Ian Watt attempts to provide what I might call a 'behaviouristic' explanatory model—or perhaps 'textual' might be a more diplomatic descriptor—for the way in which Fielding constructs this 'energetic contemporary realism' in his book, The Rise of the Novel (1957). You have the first chapter of this book in your Reader. (It's called the 'second' chapter in the Murdoch printed excerpt because that is taken from the short-lived Peregrine edition of the book.) 17
I think you will find Ian Watt's book useful. He gives an account of what he calls 'formal realism,' which he sees as the fundamental characteristic of the new kind of novel being produced in eighteenth century England by Richardson, Defoe, and Fielding. He sums the concept up in this way.
Formal realism, in fact, is the narrative embodiment of a premise that Defoe and Richardson accepted very literally, but which is implicit in the novel form in general: the premise, or primary convention, that the novel is a full and authentic report of human experience, and is therefore under an obligation to satisfy its readers with such details of the story as the individuality of the actors concerned, the particulars of the times and places of their actions, details which are presented through a more largely referential use of language than is common in other literary forms. 18
Reading Tom Jones in the light of this concept you will notice that Fielding exemplifies this tendency only in part. Some of this characters have type-names, for example: Allworthy, Thwackum, etc., while others, notably Tom himself, are meant to indicate people who might really have existed in 'history.' You will also notice that while he is sometimes at pains to indicate that characters are acting realistically, despite coincidences, malice, etc., he also deals with other characters in a typifying way, for the purposes of satire: Squire Western is the character who springs to my mind, in his predictably vulgar brutality. Blifil is another who conforms rather to the type, in his case that of the hypocrite.
You will also note that although Fielding gives detailed accounts of some aspects of the time and space of his novel (apparently he used an almanac to get the phases of the moon right for the year in which the novel was set) he does not evoke settings in the same way as some other writers. We'll be able to compare, for example, Tom's prison with Caleb Williams's, and Fielding's London with Charles Dickens's in Oliver Twist.

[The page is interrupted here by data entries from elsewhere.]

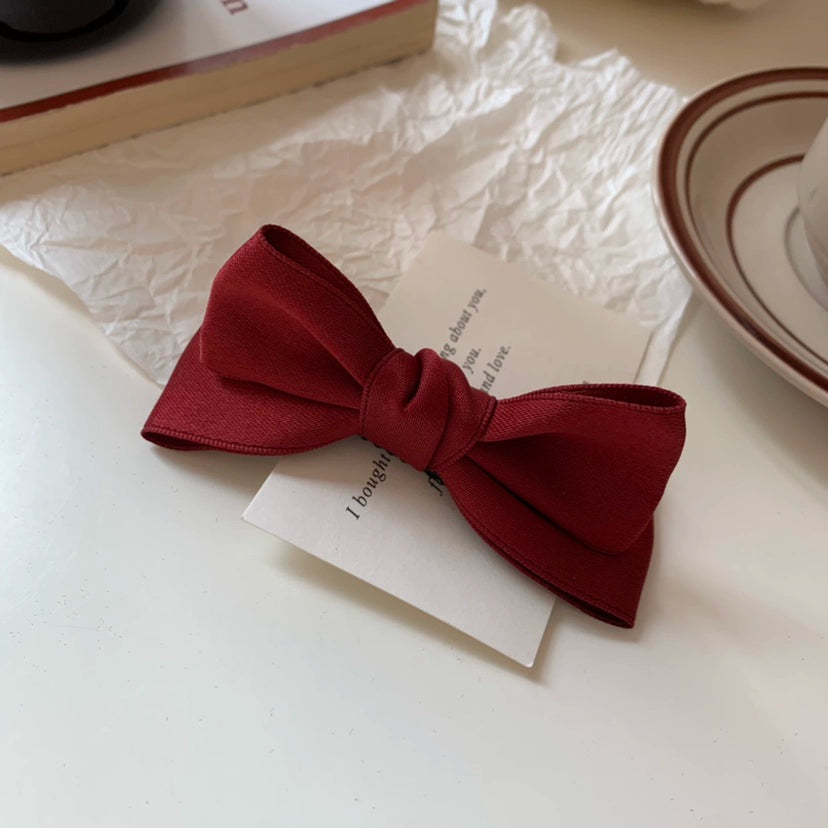 Holley Dimensional Bow Hair Clip - Wine Red Single [TFWIDPD3]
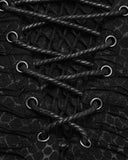 Punk Rave Womens Apocalyptic Gothic Grunge Shredded Mesh Hooded Top Hoodie Black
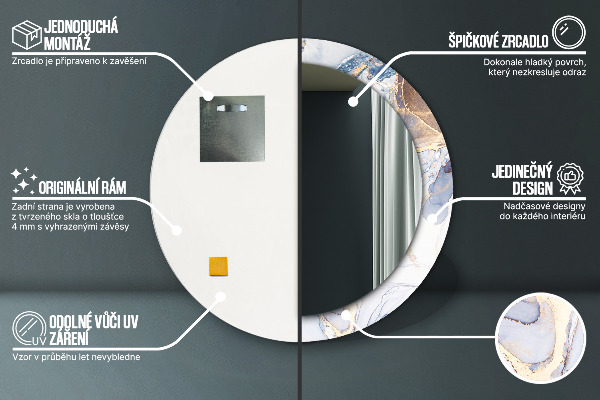 Abstraktné tekuté umenie Okrúhle dekoračné zrkadlo
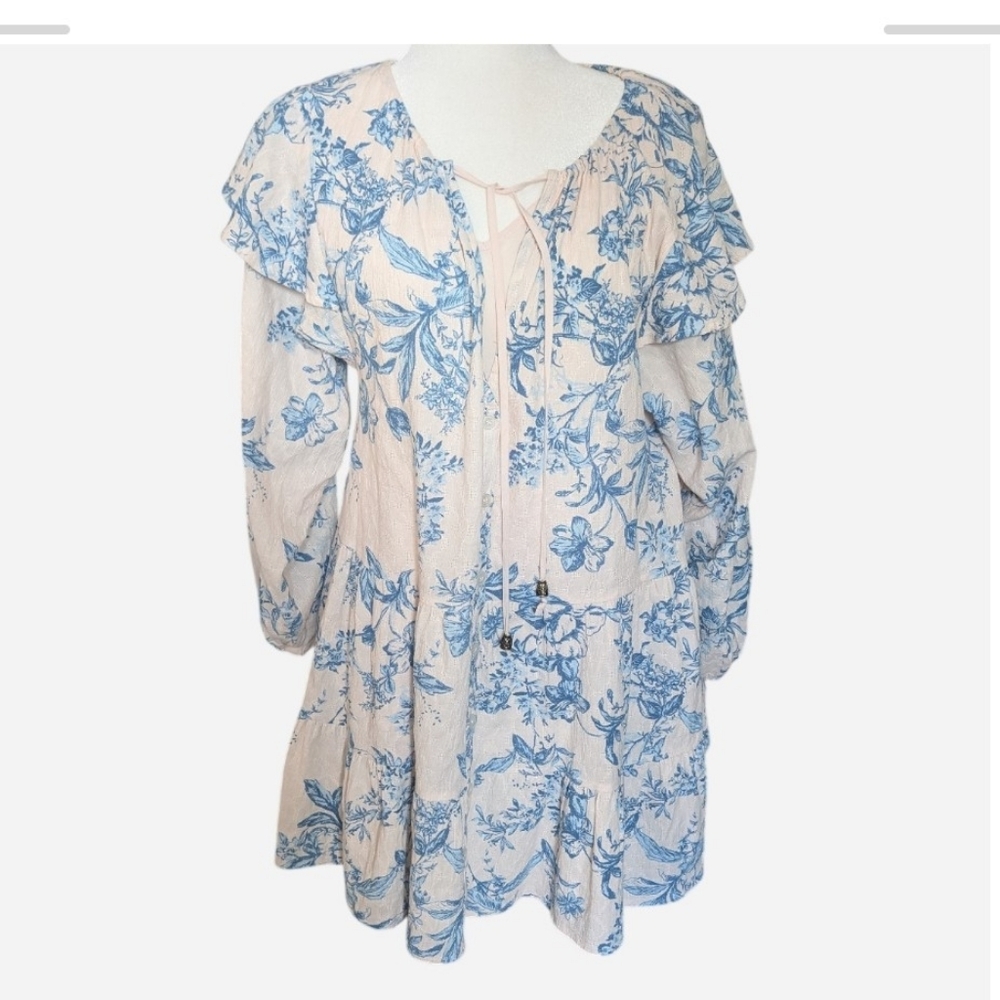 Pre-owned Free People White and Blue Dress - Picture 12 of 14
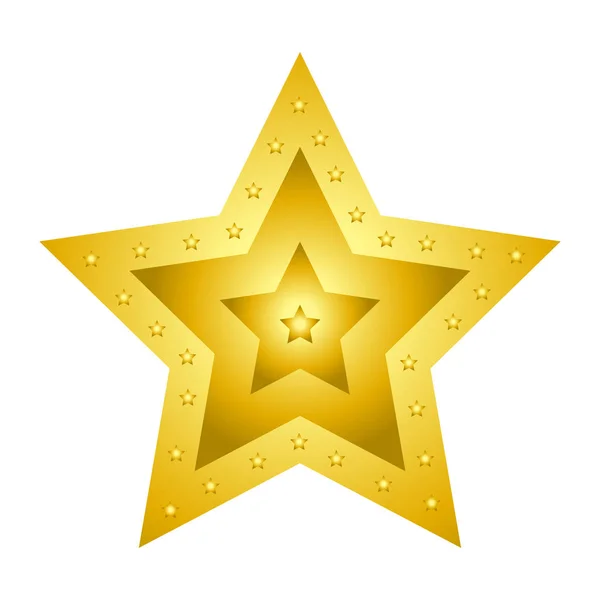 Glänsande Ljus Gyllene Femuddiga Stjärnan Isolerade Tecknad Guld Platt Vektorillustration — Stock vektor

Ian Watt not only give us his valuable introductory chapter on realism generally, he also writes a chapter specifically on Tom Jones, which should repay the trouble you might take to get hold of it.

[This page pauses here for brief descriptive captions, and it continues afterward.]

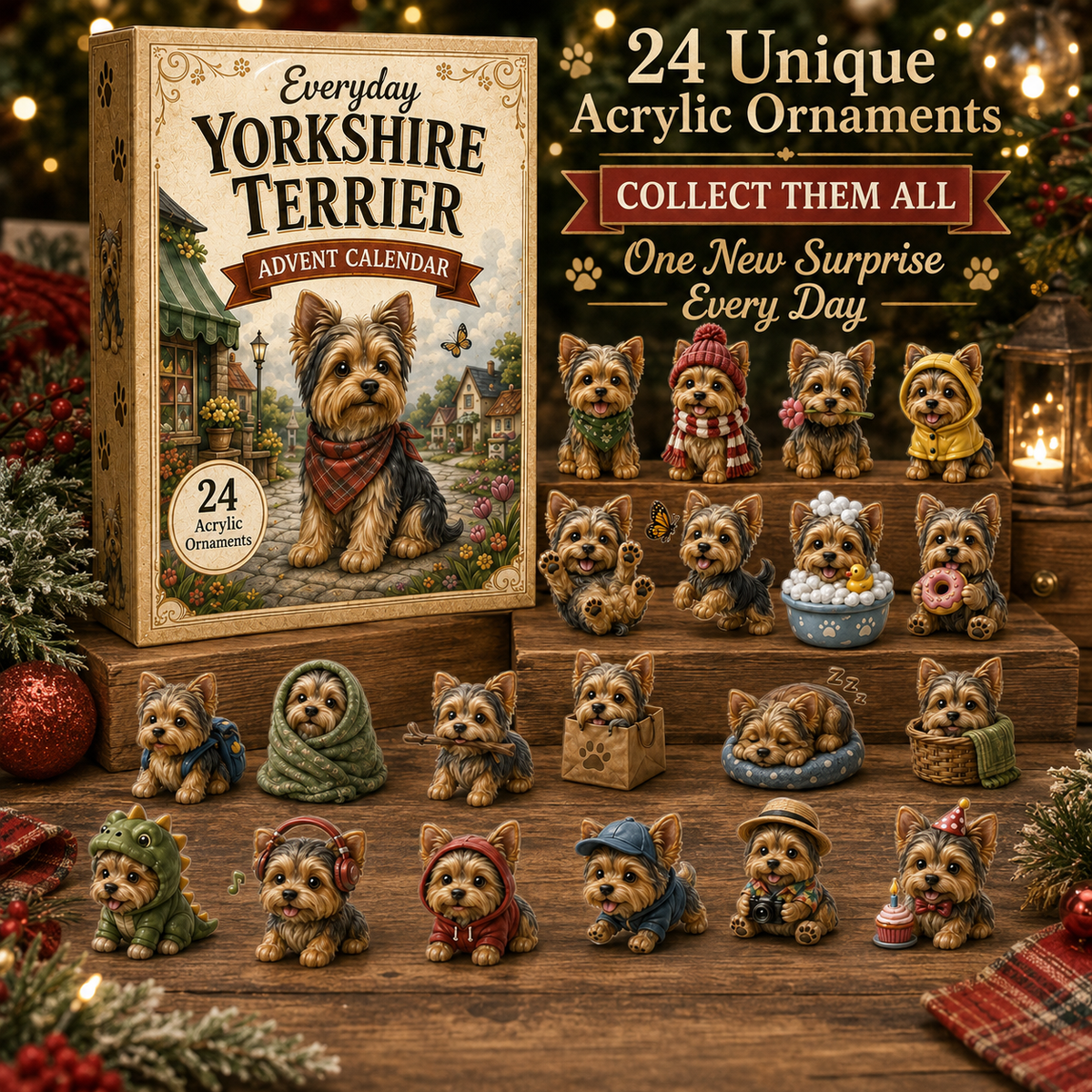 Yorkshire Terrier Advent Calendar Christmas Display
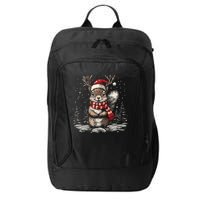 Squirrel Christmas Santa Hat Pajama Funny Squirrel Xmas Gift City Backpack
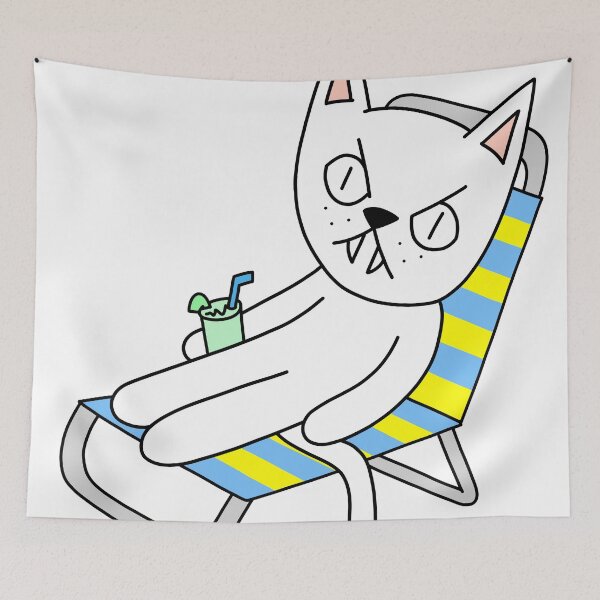 Item preview, mean cat beach chair - white designed and sold by motherbrainart.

If you cannot, however, here at least are one or two sentences from the chapter called 'Fielding as novelist.' First of all he runs Tom Jones down a bit, as reviewers tend to do, before getting to the praise.
All this, of course, is not to say [he writes] that Fielding does not succeed: Tom Jones is surely entitled to the praise of an anonymous early admirer who called it "on the whole … the most lively book ever published." But it is a very personal and unrepeatable kind of success: Fielding's technique was too eclectic to become a permanent element in the tradition of the novel—Tom Jones is only part novel, and there is much else—picaresque tale, comic drama, occasional essay. 19
You can see why I want to pick up on this particular quotation from Ian Watt: it is because of the specific reference to the picaresque. This is something we should take up in tutorials, so I won't discuss this any further at the moment. Instead I'll move on to my next theoretician, R. S. Crane.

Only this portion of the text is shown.